→ Task objective:
Line by line, set down the records below from the first line through the line containing "The shoulder joint". Omit the pictures.

(Crawled caption data)
# # #

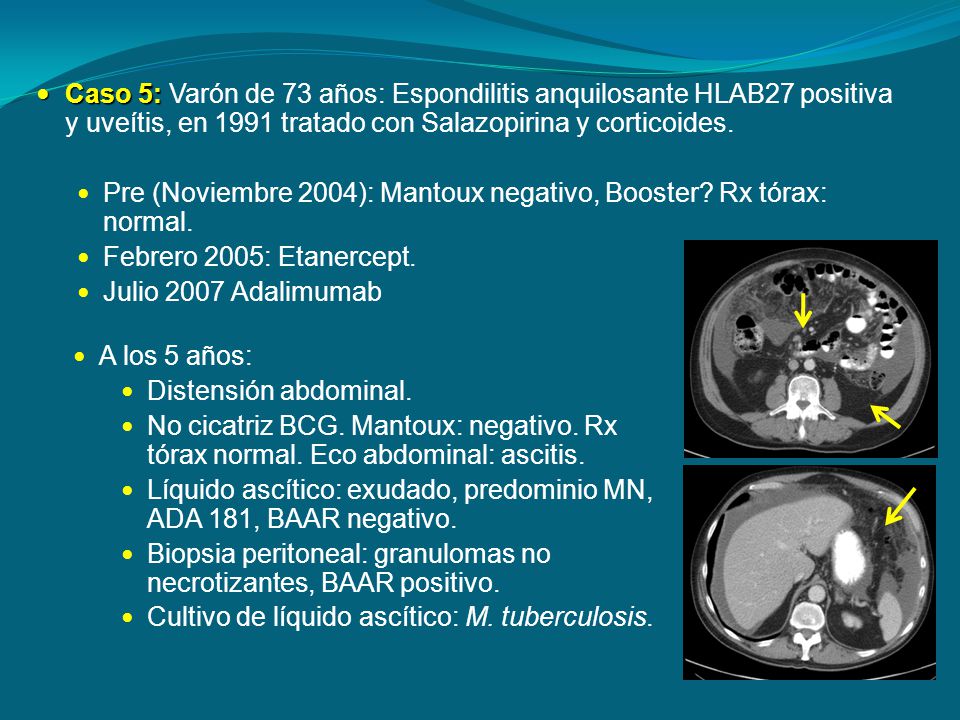 Pre (Noviembre 2004): Mantoux negativo, Booster Rx tórax: normal.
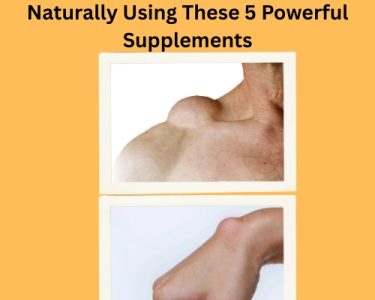 How I Shrunk My Lipomas Naturally (1)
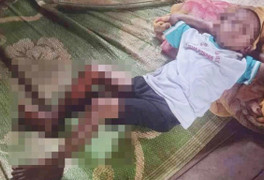 Xác minh thông tin bé trai ở Đắk Lắk trộm trái cây bị tẩm xăng đốt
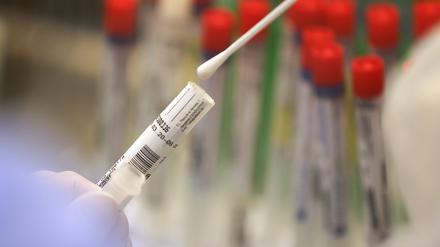 Die Zahl der Todesfälle im Zusammnehang mit dem Coronavirus ist im Kreis auf 36 angestiegen.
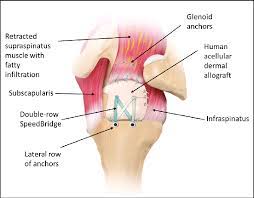 The shoulder joint (glenohumeral joint) is a ball and socket joint between the scapula and the humerus. Diagram From Superolateral View Of A Left Shoulder Illustrating The Fi Download Scientific Diagram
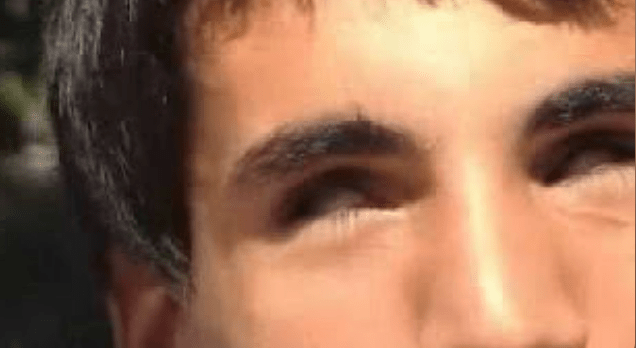 Watch “Blind / Blindness / Visual Impairment 1” on&nbsp;YouTube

# # #

→ Task answer:
 Pre (Noviembre 2004): Mantoux negativo, Booster Rx tórax: normal.
 How I Shrunk My Lipomas Naturally (1)
 Xác minh thông tin bé trai ở Đắk Lắk trộm trái cây bị tẩm xăng đốt
 Die Zahl der Todesfälle im Zusammnehang mit dem Coronavirus ist im Kreis auf 36 angestiegen.
 The shoulder joint (glenohumeral joint) is a ball and socket joint between the scapula and the humerus. Diagram From Superolateral View Of A Left Shoulder Illustrating The Fi Download Scientific Diagram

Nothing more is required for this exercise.